Speaker
Description
Introduction. Intercropping – several species cultivated in the same field for a significant part of their growing periods – is a key lever for weed control. The aim of this study was to evaluate, by simulations with the FLORSYS model, the effects of bispecific legume–cereal intercrops on weed dynamics and their impact on crop production, tested in the absence of nitrogen or water stress.
Material and methods. This study simulated: (1) seven species proportions for wheat (Triticum aestivum L.)–faba bean (Vicia faba L.) and barley (Hordeum vulgare L.)–pea (Pisum sativum L.) mixtures (hence "species-proportion design"), and (2) nine spatial sowing patterns for triticale (Triticosecale)–faba bean, durum wheat (Triticum durum Desf.)–faba bean and wheat–pea mixtures (hence "sowing-pattern design"). In both cases, mixtures were compared to their corresponding sole crops (controls). Intercrops and controls were inserted into rotations and simulated over 30 years and repeated with 10 climate scenarios from Toulouse (South-Western France), either without weeds or with a high-density weed flora typical of the region. Weed management was organic-based or with reduced herbicide use. Simulations were run with FLORSYS, a mechanistic individual-based 3D model which simulates daily crop-weed seed and plant dynamics over years, from the cropping system and pedoclimate, focusing on plant-plant competition for light (Colbach et al., 2021).

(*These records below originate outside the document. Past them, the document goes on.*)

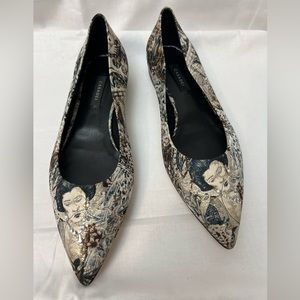 Casadei Tapestry Ballet Flat Shoes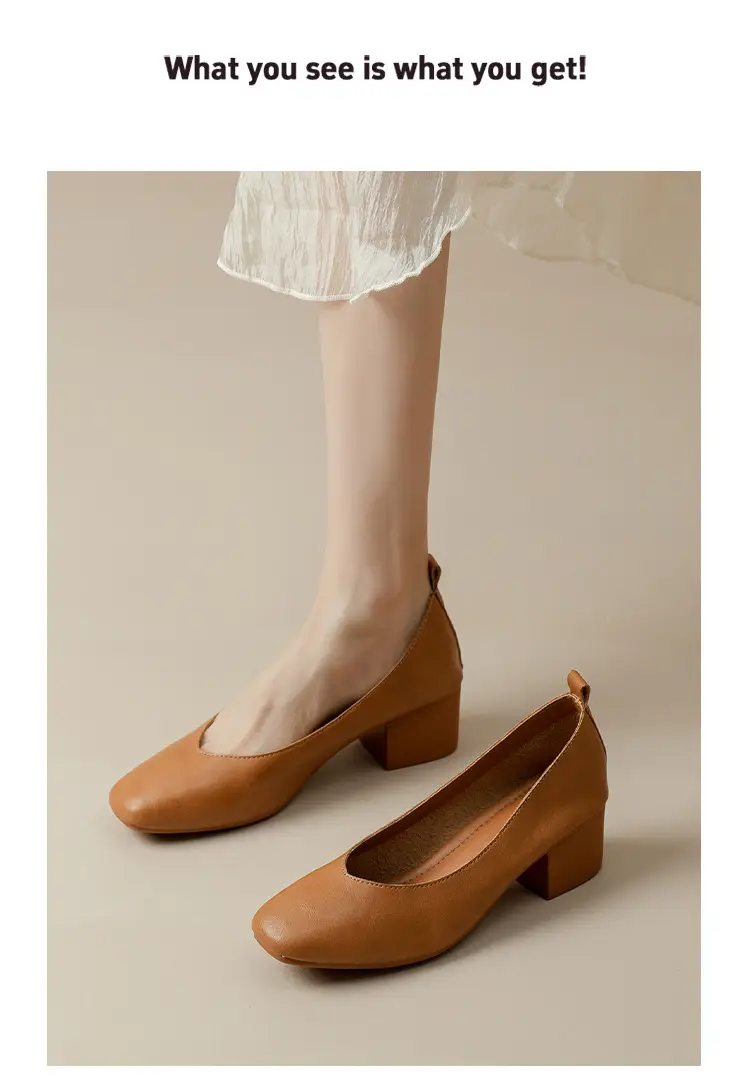 2025 Korean Style Soft Leather Square Toe Loafers — feature 3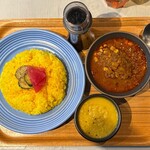 Have more curry - 【チキンカレーと豆カレーセット　ご飯300ｇ】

Results. Simulations showed that, in the absence of weeds, the yield per plant in intercrops varied from 13% of the sole-crop yield (pea–wheat mixture in the species-proportion design) to 173% (triticale–faba bean mixture in the sowing-pattern design). In average, intercropping reduced weed-free yield per plant by 42% for legumes and had no effect for cereals. When weeds were included in the simulations, the average legume yield per plant decreased by only 24% compared to sole legumes, whereas the average cereal yield per plant decreased by 18%. In other words, the more competitive cereals protected legumes against weeds in intercrops but suffered more from weed competition than in sole cereals. Indeed, the weed biomass in intercrops was greater than or equal to that of the sole cereals, and less than that of the sole legumes (Figure 1.A and B). The intercrops that best controlled weeds were barley–pea and triticale–faba bean.

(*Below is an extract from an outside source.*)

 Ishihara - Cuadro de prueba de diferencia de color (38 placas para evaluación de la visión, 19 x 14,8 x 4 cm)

In presence of weeds, the spatial pattern alternating one cereal row with one legume row (50% cereal–50% legume) as well as the 67% cereal–33% legume and the 100% cereal–50% legume in the species-proportion design were those that both maximised yields of both legumes and cereals and minimised losses due to weeds (Figure 1. C and D). Additive designs were not more weed-suppressive than substitutive designs.

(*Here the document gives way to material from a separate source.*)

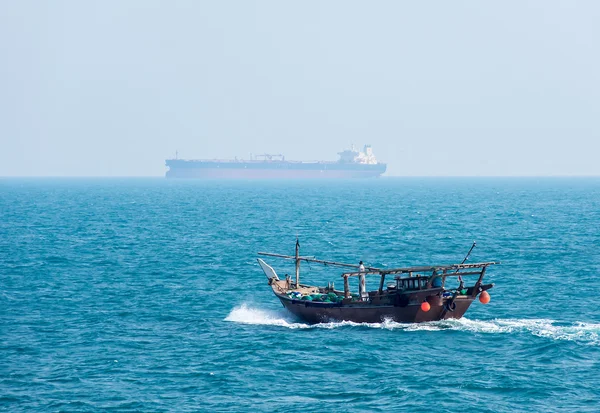 Arapça ahşap tekne-dhow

Conclusion and Perspectives. The present study highlighted the value of intercropping for weed management, and identified sowing proportions and sowing patterns depending on the objectives being pursued. In the presence of weeds, legumes benefitted more from intercropping than cereals because legumes are less competitive against weeds. This work will be extended to other species mixtures and management methods in order to better integrate farmers' practices and in contexts where water and nitrogen may be limiting. This work will thus contribute to help designing innovative cropping systems by integrating, among other things, the resilience of the systems designed in the face of climate change, using an agro-ecological approach to weed management.
Reference
Colbach, N., Colas, F., Cordeau, S., Maillot, T., Queyrel, W., Villerd, J., Moreau, D., 2021. The FLORSYS crop-weed canopy model, a tool to investigate and promote agroecological weed management. Field Crops Research 261, 108006. https://doi.org/10.1016/j.fcr.2020.108006
Funding
INRAE
European Union's Horizon 2020 Research and innovation programme ReMIX (N 727217)
Horizon Europe IntercropVALUES (N°101081973)
ANR PPR SPECIFICS (ANR-20-PCPA-0008)
ANR PPR MoBiDiv (ANR-20-PCA-0006)
COPRAA funded by the Office Français de la Biodiversité (OFB)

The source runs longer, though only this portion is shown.